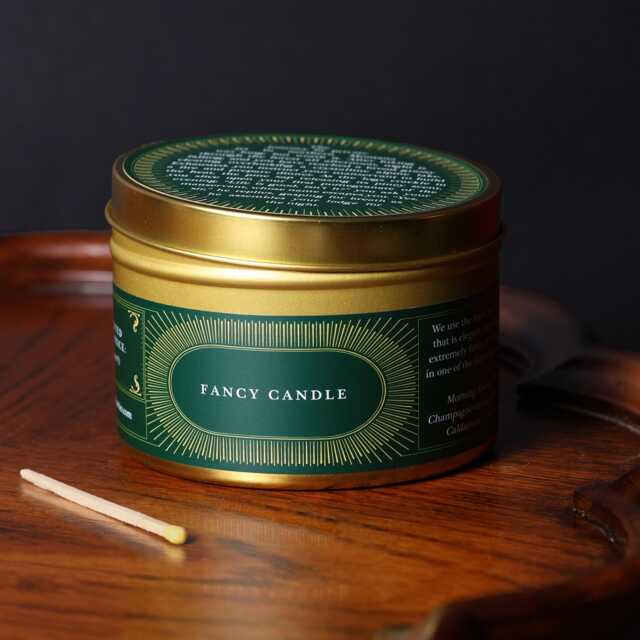 Fancy Candle - Funny Candle That Is Also Extremely Fancy Smells Like Pomegranate & Woodsmoke - image 1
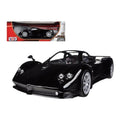 Pagani Zonda F Black 1/18 Die Cast Car Model by Motormax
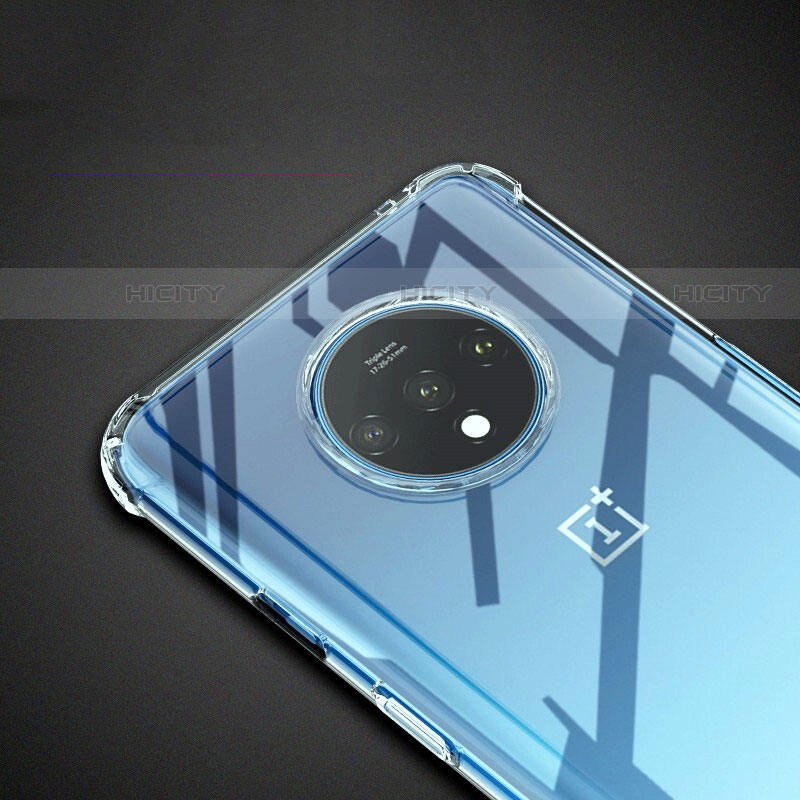 Carcasa Silicona Ultrafina Transparente T03 para OnePlus 7T Claro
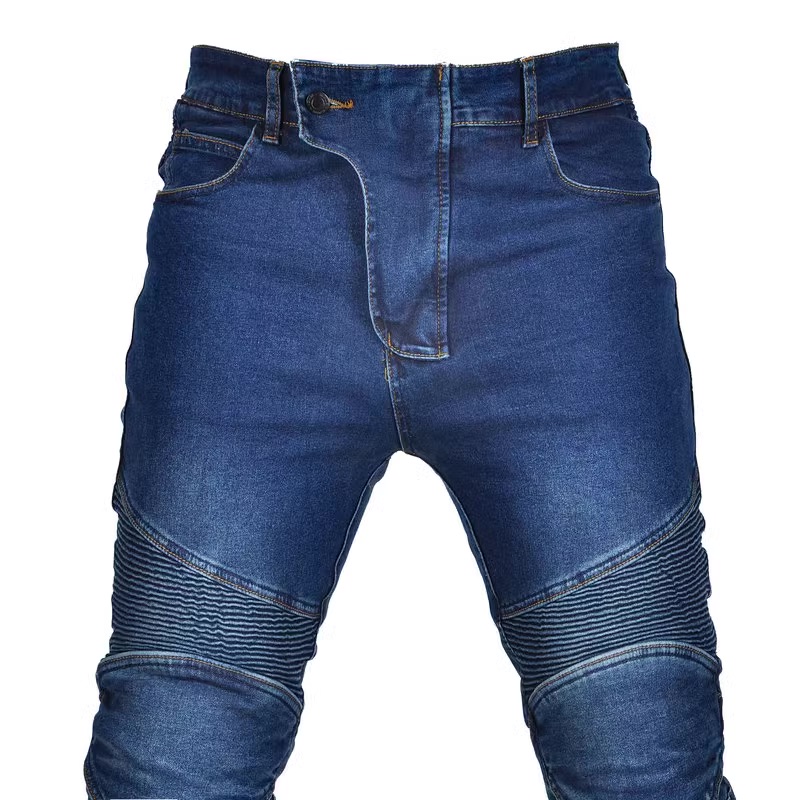 Nowe czarne szare spodnie moto – Motorcycle Gear Blue recenzja i cena
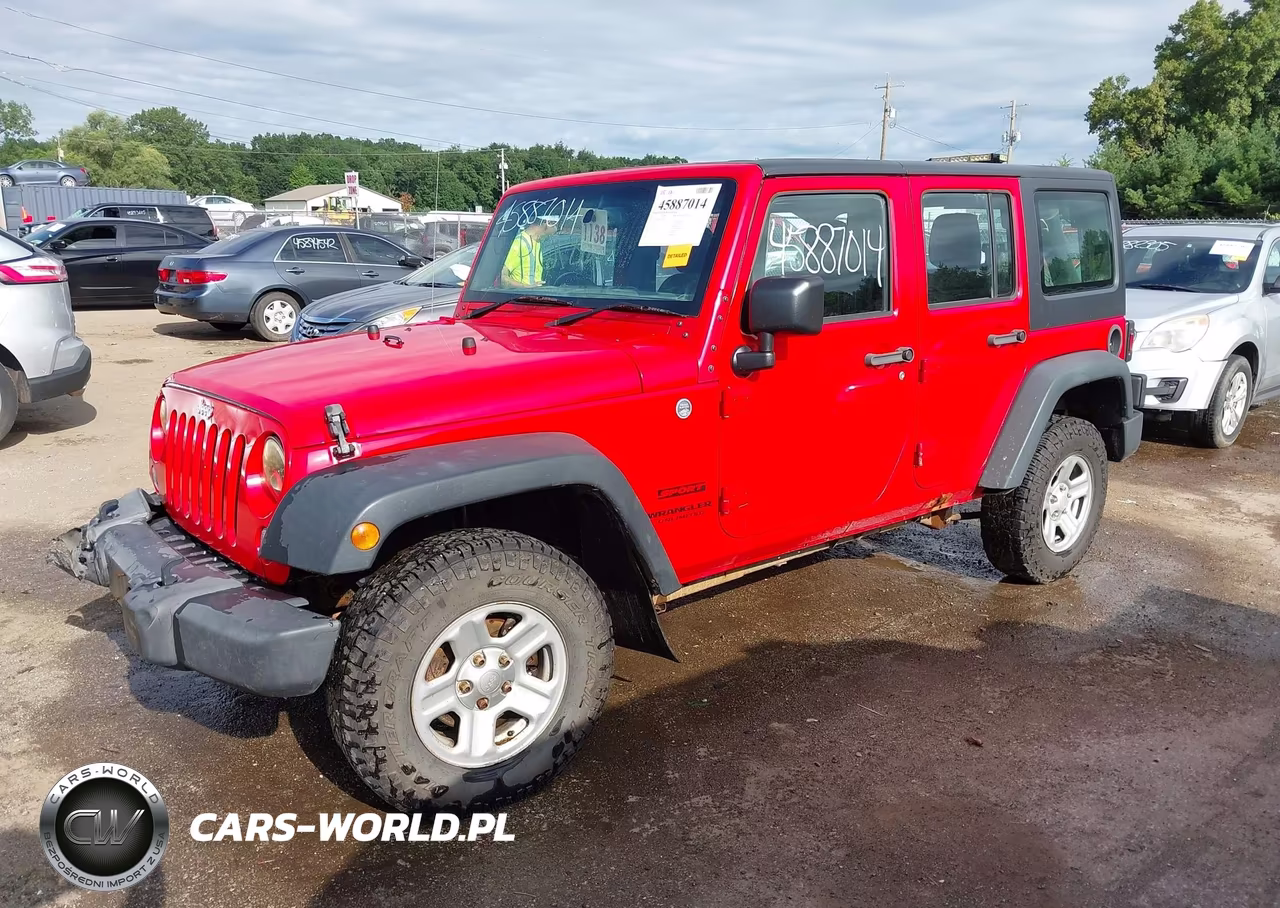 2015 Jeep Wrangler Unlimited Sport Rhd VIN:1C4BJWKG0FL652031 - 2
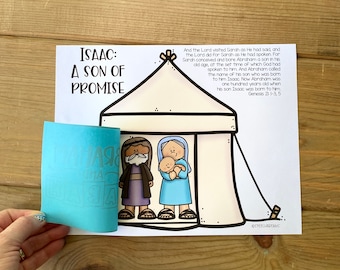 Abraham and Sarah Bible Craft for Kids Printable Christian Craft Activity | Homeschool Lesson Plan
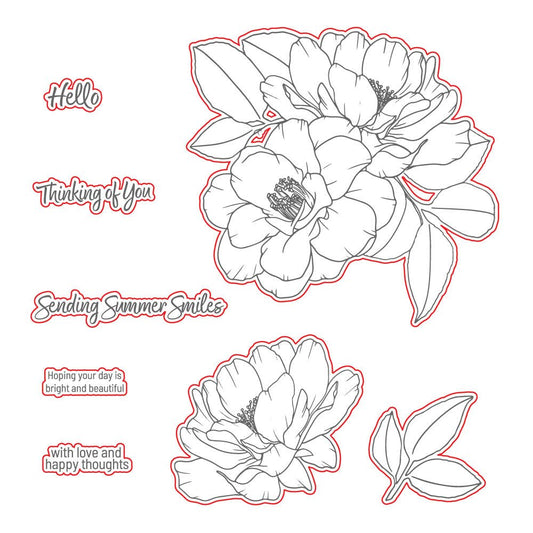 Summer Smiles - Honey Cuts Coordinating Dies - Honey Bee Stamps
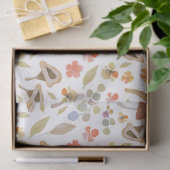 Waterverf Paddenstoelen en bloemen Tissuepapier (Geschenk)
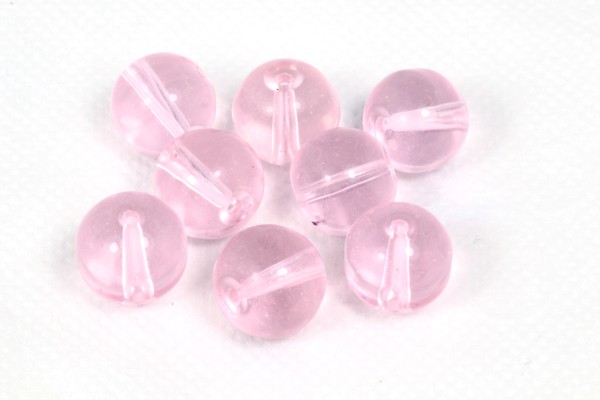 Glasperlen, Kugel, Rosa, 10mm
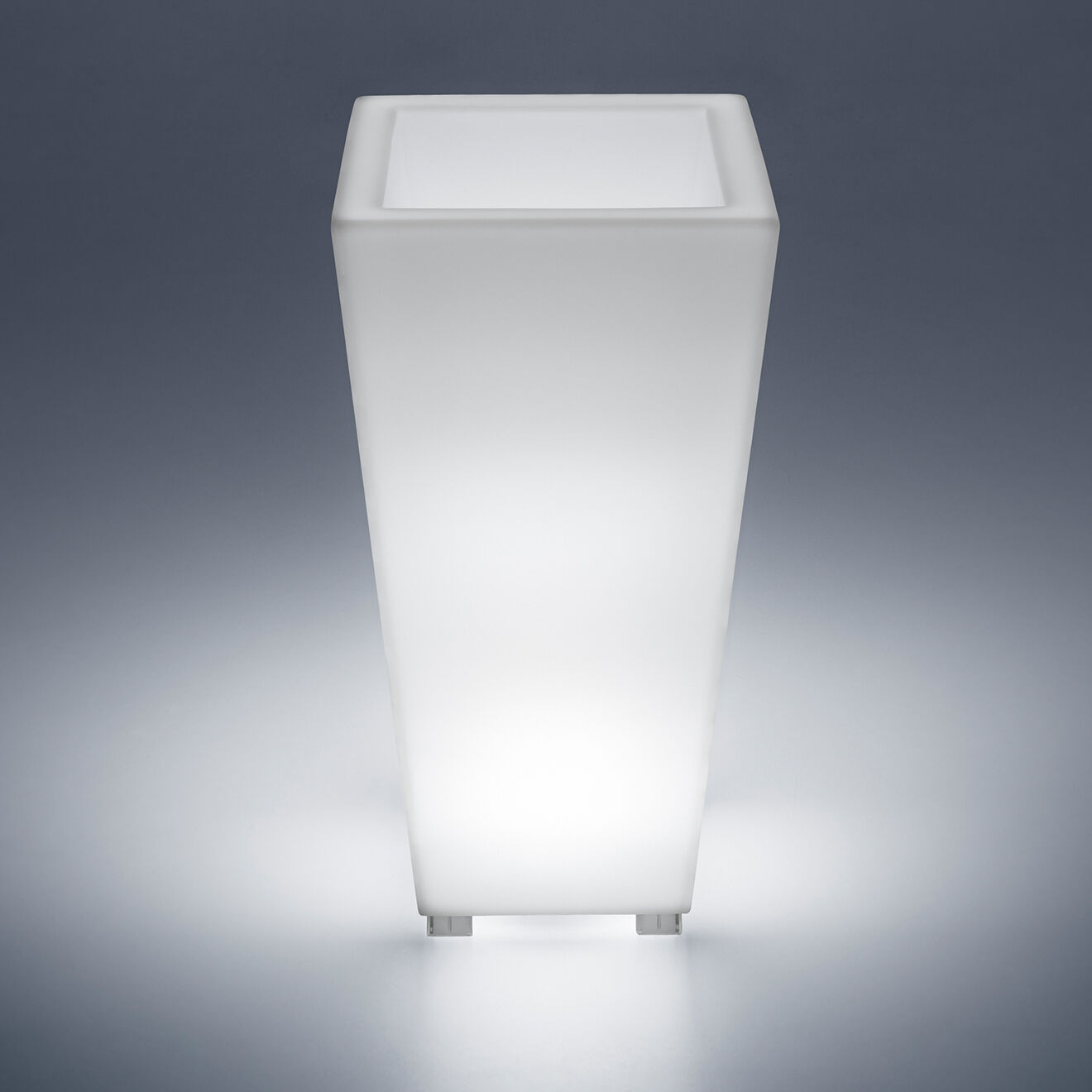 Serralunga Pot lumineux kabine design par luisa bocchietto beige - 35x70x35 cm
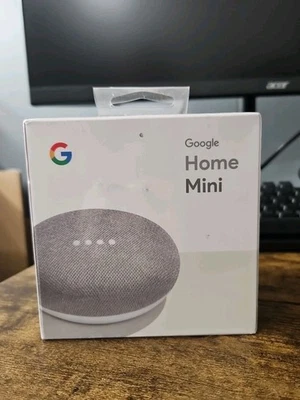 Google Home Mini Smart Speaker with Google Assistant - Chalk (GA00210-US) - Image 1 of 4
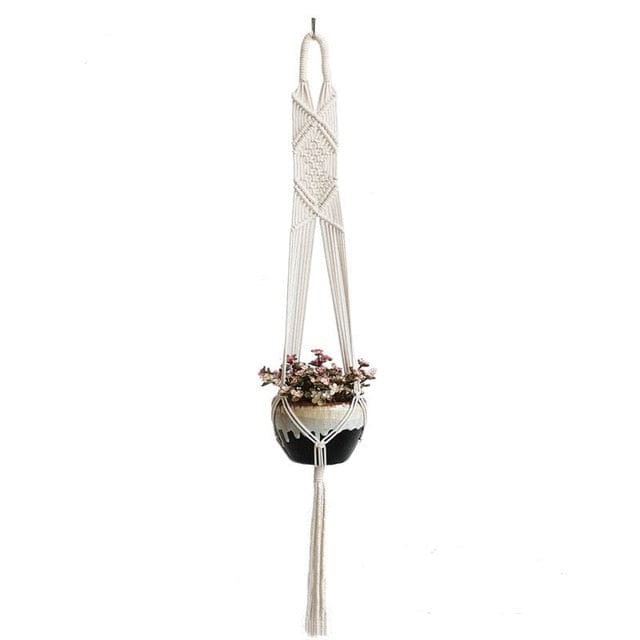 Spruced Roost Home Decor 1005 Handmade Macrame Plant Hanger - 21 Styles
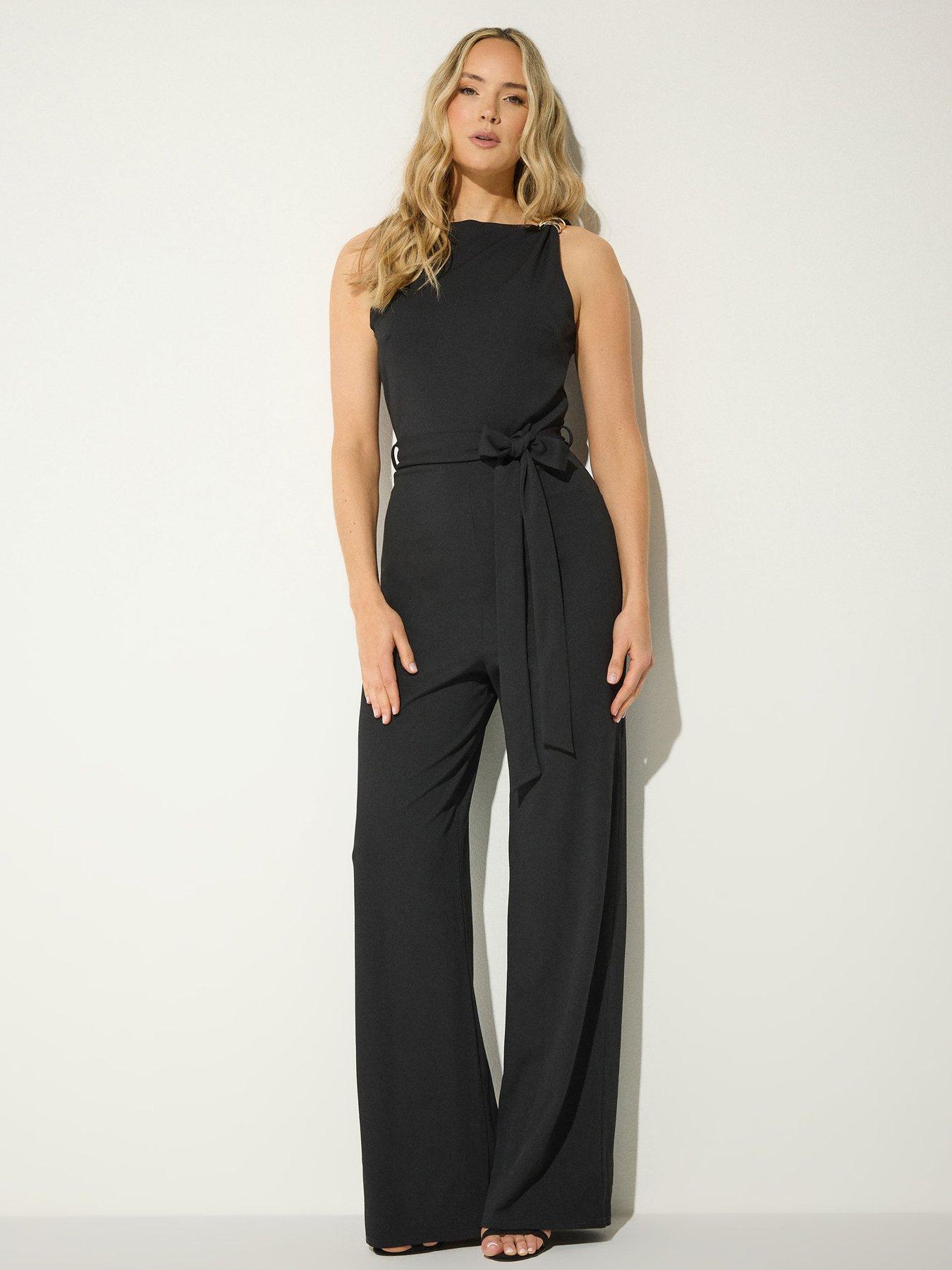 Image 1 of 5 of Long Tall Sally Trim Detail Jumpsuit - Black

* * * * *

## EXERCISE DESCRIPTION
What this calls for is the material above set down exactly, pictures excluded.

## RESULT BELOW
 Fancy Candle - Funny Candle That Is Also Extremely Fancy Smells Like Pomegranate & Woodsmoke - image 1
 Pagani Zonda F Black 1/18 Die Cast Car Model by Motormax
 Carcasa Silicona Ultrafina Transparente T03 para OnePlus 7T Claro
 Nowe czarne szare spodnie moto – Motorcycle Gear Blue recenzja i cena
 2015 Jeep Wrangler Unlimited Sport Rhd VIN:1C4BJWKG0FL652031 - 2
 Abraham and Sarah Bible Craft for Kids Printable Christian Craft Activity | Homeschool Lesson Plan
 Summer Smiles - Honey Cuts Coordinating Dies - Honey Bee Stamps
 Waterverf Paddenstoelen en bloemen Tissuepapier (Geschenk)
 Glasperlen, Kugel, Rosa, 10mm
 Serralunga Pot lumineux kabine design par luisa bocchietto beige - 35x70x35 cm
 Google Home Mini Smart Speaker with Google Assistant - Chalk (GA00210-US) - Image 1 of 4
 Spruced Roost Home Decor 1005 Handmade Macrame Plant Hanger - 21 Styles
 Image 1 of 5 of Long Tall Sally Trim Detail Jumpsuit - Black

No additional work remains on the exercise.